最初は、フーン、って感じで眺めていた。まったく冗長な冒頭に、いつ沈むんだろう、早くしろ、って。
ヒロインだって、美人だけど頭が悪そうで好きになれなかった。なんかぽっちゃりしてるように見えるのは、撮影時に妊娠していたかららしいとかお母さんが解説してくれたけど、女優ならそのへんしっかりコントロールしろよ、なんて思った。
けれど、とあるシーンになったとき、私はテレビにくぎ付けになった。
ヒロインが主人公にヌードを描いてもらうシーンだった。
一糸まとわず、ただ首飾りだけを身に着けて。
本当は感動するシーンなんだろう。ロマンティックなシーンなんだろう。でも私の胸に生じたドキドキは、決して真っ当なものではなかった。
これが、私が生まれて初めて自覚した欲望。
***
そのときのケイト・ウィンスレットの真似をして、私は優太の前で全裸になった。一つ違うのは、首飾りさえ身に着けていないこと。
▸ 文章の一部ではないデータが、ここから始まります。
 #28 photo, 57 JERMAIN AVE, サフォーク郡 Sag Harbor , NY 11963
クロッキー帳を手にした優太は、魂が抜けたように突っ立っていた。
「ほ、本当にいいんですか?」
「うん、ずっと前から決めてたの。いつか優太にヌードを描いてもらおうって」
放課後の美術室には私たち以外誰もいない。外からはかすかに運動部の人たちの声が聞こえてくるけれど、廊下側は静まり返っていて、外界から隔絶されているようだった。ただ、カーテン越しの西日だけが二人を照らしている。
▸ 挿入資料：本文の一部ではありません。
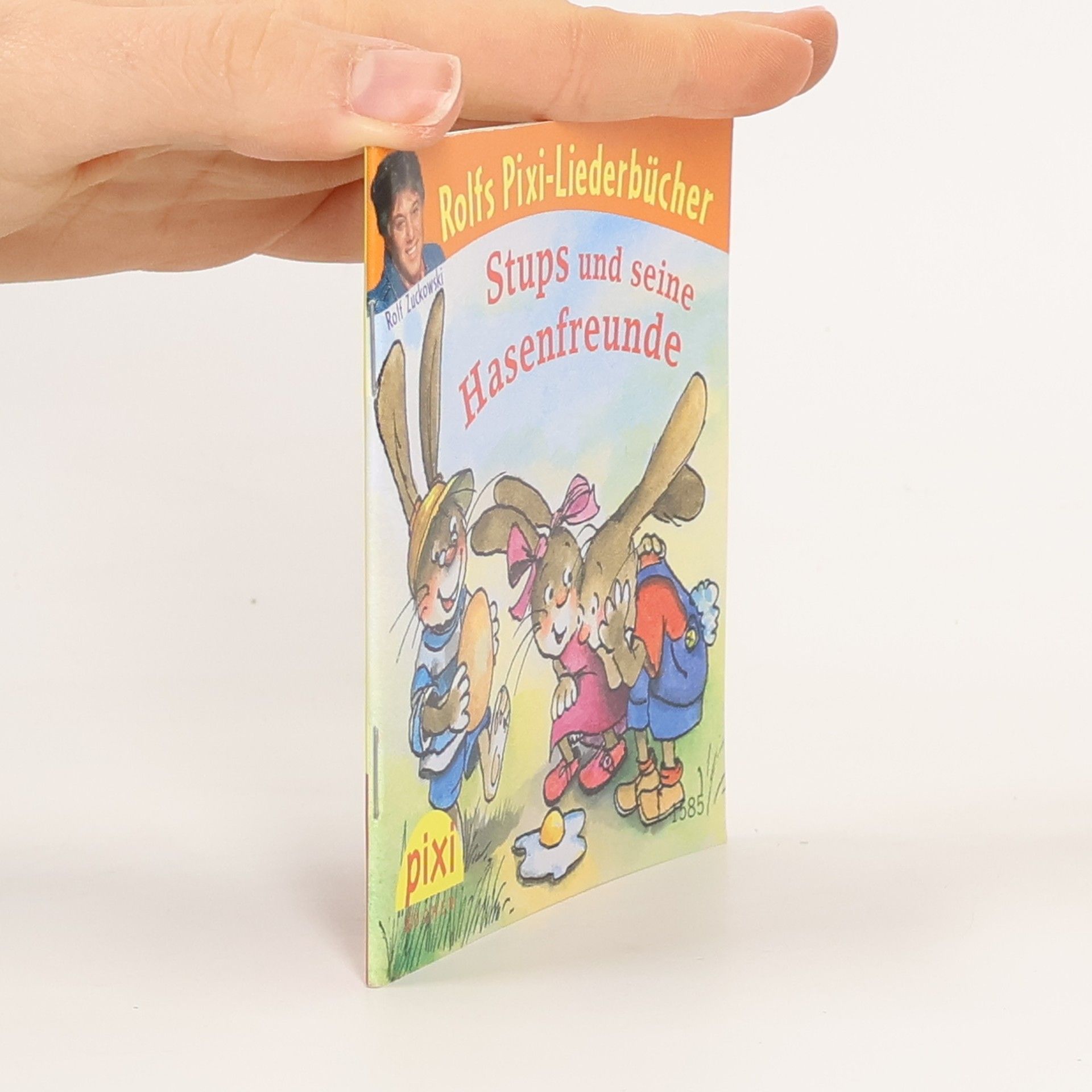 Simone Nettingsmeier Stups und seine Hasenfreunde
優太は困惑を隠せないようで、視線をうろうろとさせていた。私の裸を直視できないみたいだ。
「真剣なの。だからお願い、優太も私を見て。私の隅から隅を見て、ちゃんと描いて」
もうポーズも決めていた。
まっすぐ姿勢よく立ってから、脚をわずかに交差する。これでお尻の丸みも描き手から見えるはず。もちろん、胸も股間も隠すつもりはない。だから手は後ろで組んで、バストが強調されるようにした。
優太はごくりと喉を鳴らしたあと、覚悟を決めたようにこちらを見たけれど、すぐに視線を逸らしてしまった。私たちはまだキスしかしていないから、当然の反応だろう。
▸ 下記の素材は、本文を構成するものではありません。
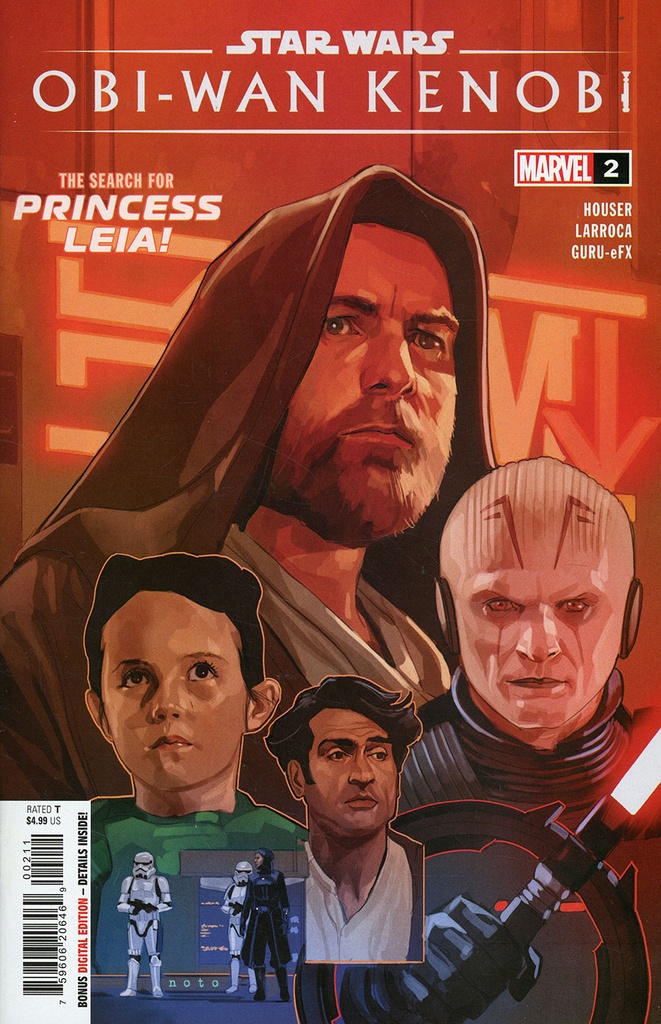 Star Wars: Obi-Wan Kenobi #2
タイタニックのヌードデッサンシーンに思考を奪われてから、私は絵を描くということに執着を覚えていた。ううん、執着という言葉が正しいのかはわからない。ただ、胸の内に抑圧しようのない複雑怪奇な想いが芽生えていた。
だから、中学から続けていたバスケは辞めて――当然まわりからは大反対されたけど――五人しか部員のいない、帰宅部同然の美術部に転部することにした。
優太とはそこで出会った。
初めて出会った日のことは今も鮮烈に覚えている。
他の部員も、顧問の先生さえほとんど顔を出さない放課後の美術室は薄暗く、陰気だった。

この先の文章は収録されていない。